Today we discussed this integral $$ \oint_{|z|=10} \frac{1}{(z-1)(z-2)} dz $$ where the contour is a CCW (counter-clockwise) circle of radius $10$ (or any radius $R > 2$, that encloses $1,2$)

We used three methods to show that this is zero. Denote the integrand by $f(z)$, namely $f(z) = \frac{1}{(z-1)(z-2)}$.

We apply residue theorem, and computed $$ Res_{z=1} f(z) = \frac{1}{z-2}|_{z=1} = -1. $$ $$ Res_{z=2} f(z) = \frac{1}{z-1}|_{z=2} = 1. $$ Hence the result of the contour integral, denoted by $I$ is $$ I = (2 \pi i) [Res_{z=1} f(z) + Res_{z=2} f(z)] = 0 .$$

We can deform the contour $C$, as long as the integrand $f(z)$ when restricted to the contour remains a holomorphic function during the deformation.
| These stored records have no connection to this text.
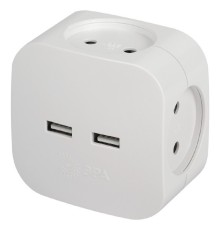 ЭРА Б0049532 Разветвитель электрический SP-4-USB-W на 4 розетки 220V + 2xUSB 2400mA, без заземл 10А (белый)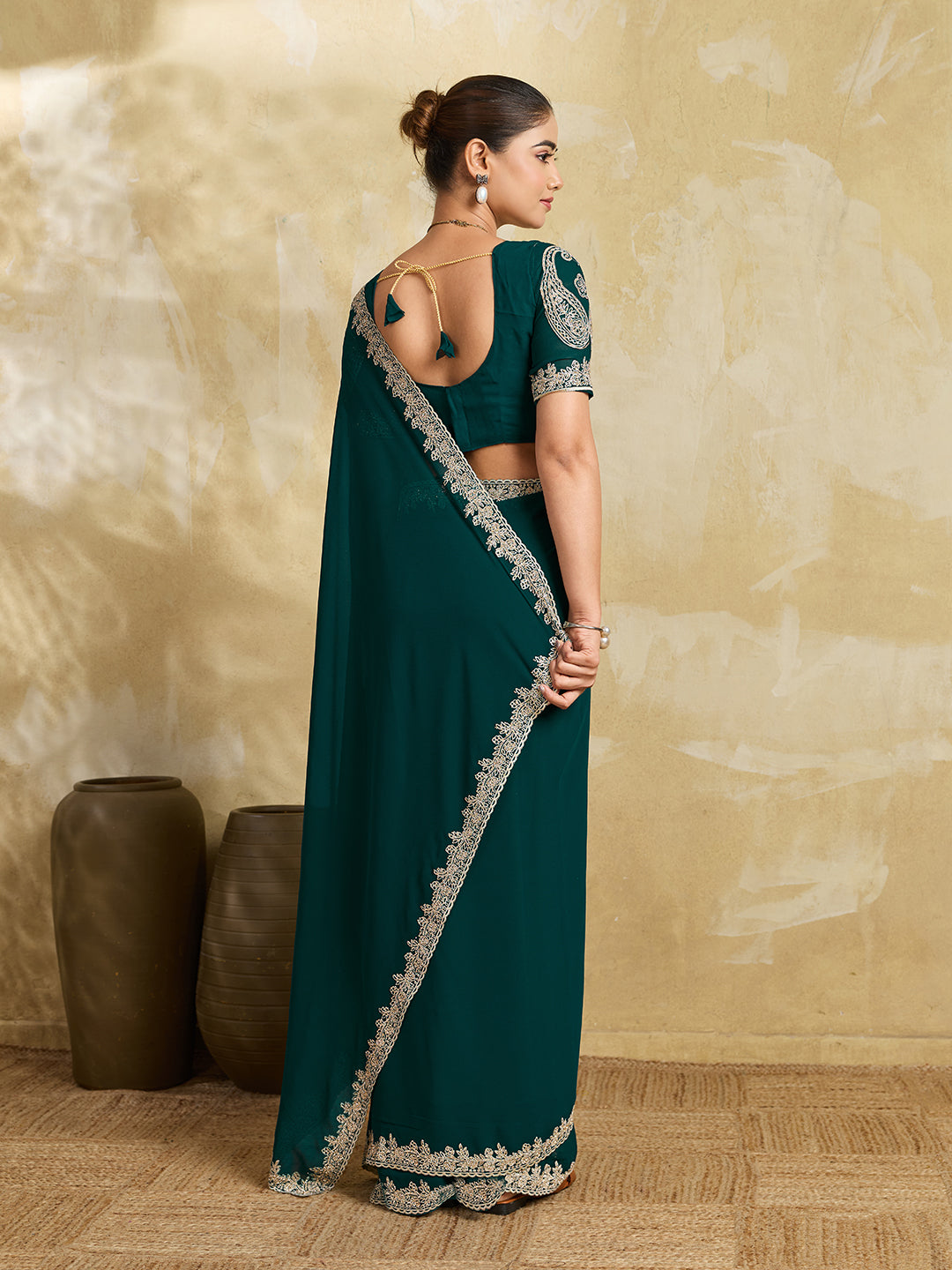 Rama Green Georgette Saree with Silver Zari Floral Embroidery and Matching Blouse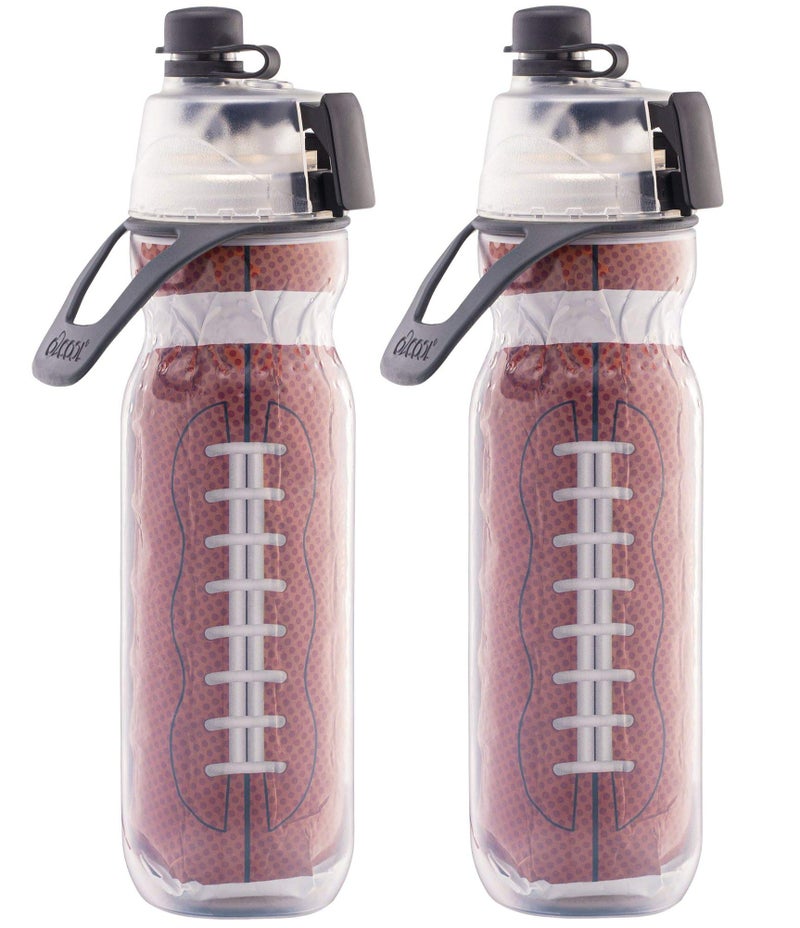 O2COOL Mist 'N Sip Misting Water Bottle 2-in-1 Mist And Sip Function With No Leak Pull Top Spout Sports Water Bottle Reusable Water Bottle - 20 oz (2 Pack Football)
The resulting integral is invariant under the deformation.

Thus, we may change the circle $|z|=10$ to $|z|=R$, and let $R$ tends to $\infty$. Let $I_R$ be the integral on the contour $|z|=R$. We have two claims

• $I_R$ is independent of $R$. This is because the function $f(z)$ has no pole in the region swept out by the contour deformation, namely between $|z|=10$ and $|z|=R$.
• We have the following estimate of $|I_R|$.
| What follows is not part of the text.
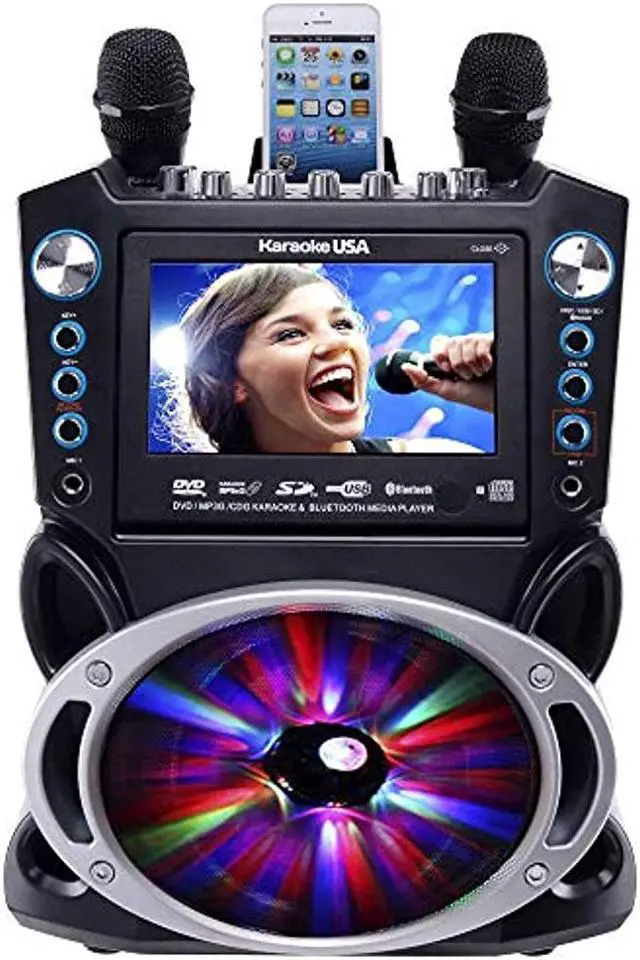 Alt view image 4 of 11 - KARAOKE USA GF842 DVD/CD+G/MP3+G Bluetooth(R) Karaoke System with 7" TFT Color Screen & LED Sync Lights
$$ |I_R| \leq \oint_{|z|=R} | f(z) | |dz| \leq \oint_{|z|=R} \frac{1}{|z-1| |z-2| } |dz| $$ By triangle inequality for complex numbers, $$ |a| + |b| \geq |a+b| \geq | |a| - |b| |, $$ we have for any $z$ with $|z|=R > 10$ $$ |z-1| \geq |z|-1 = R-1 > 0, \quad |z-2| \geq |z|-2 = R - 2 > 0, $$ hence $$ \frac{1}{|z-1| |z-2| } \leq \frac{1}{(R-1)(R-2)} $$ on the contour $|z|=R$. Thus $$ \oint_{|z|=R} \frac{1}{|z-1| |z-2| } |dz| \leq \frac{1}{(R-1)(R-2)} \oint |dz| = \frac{1}{(R-1)(R-2)} (2\pi R) $$ To summarize, we have $$ 0 \leq |I_R| \leq \frac{2\pi R}{(R-1)(R-2)}. $$